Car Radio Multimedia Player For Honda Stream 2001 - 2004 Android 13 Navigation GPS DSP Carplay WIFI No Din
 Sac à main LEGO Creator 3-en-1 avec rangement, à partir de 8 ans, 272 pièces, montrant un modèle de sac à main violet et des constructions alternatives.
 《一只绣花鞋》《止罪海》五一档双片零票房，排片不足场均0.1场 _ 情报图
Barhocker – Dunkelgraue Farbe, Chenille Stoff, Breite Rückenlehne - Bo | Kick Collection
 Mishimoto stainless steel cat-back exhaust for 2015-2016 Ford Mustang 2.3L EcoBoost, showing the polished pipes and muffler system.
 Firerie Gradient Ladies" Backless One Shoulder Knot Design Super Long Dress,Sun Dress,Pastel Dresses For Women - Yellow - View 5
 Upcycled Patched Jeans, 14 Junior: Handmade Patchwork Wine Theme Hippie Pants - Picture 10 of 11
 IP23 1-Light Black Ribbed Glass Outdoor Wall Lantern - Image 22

*-*-*

Reproduce every line above. Keep it exact.

→ **SOLVED PROBLEM**
Car Radio Multimedia Player For Honda Stream 2001 - 2004 Android 13 Navigation GPS DSP Carplay WIFI No Din
 Sac à main LEGO Creator 3-en-1 avec rangement, à partir de 8 ans, 272 pièces, montrant un modèle de sac à main violet et des constructions alternatives.
 《一只绣花鞋》《止罪海》五一档双片零票房，排片不足场均0.1场 _ 情报图
Barhocker – Dunkelgraue Farbe, Chenille Stoff, Breite Rückenlehne - Bo | Kick Collection
 Mishimoto stainless steel cat-back exhaust for 2015-2016 Ford Mustang 2.3L EcoBoost, showing the polished pipes and muffler system.
 Firerie Gradient Ladies" Backless One Shoulder Knot Design Super Long Dress,Sun Dress,Pastel Dresses For Women - Yellow - View 5
 Upcycled Patched Jeans, 14 Junior: Handmade Patchwork Wine Theme Hippie Pants - Picture 10 of 11
 IP23 1-Light Black Ribbed Glass Outdoor Wall Lantern - Image 22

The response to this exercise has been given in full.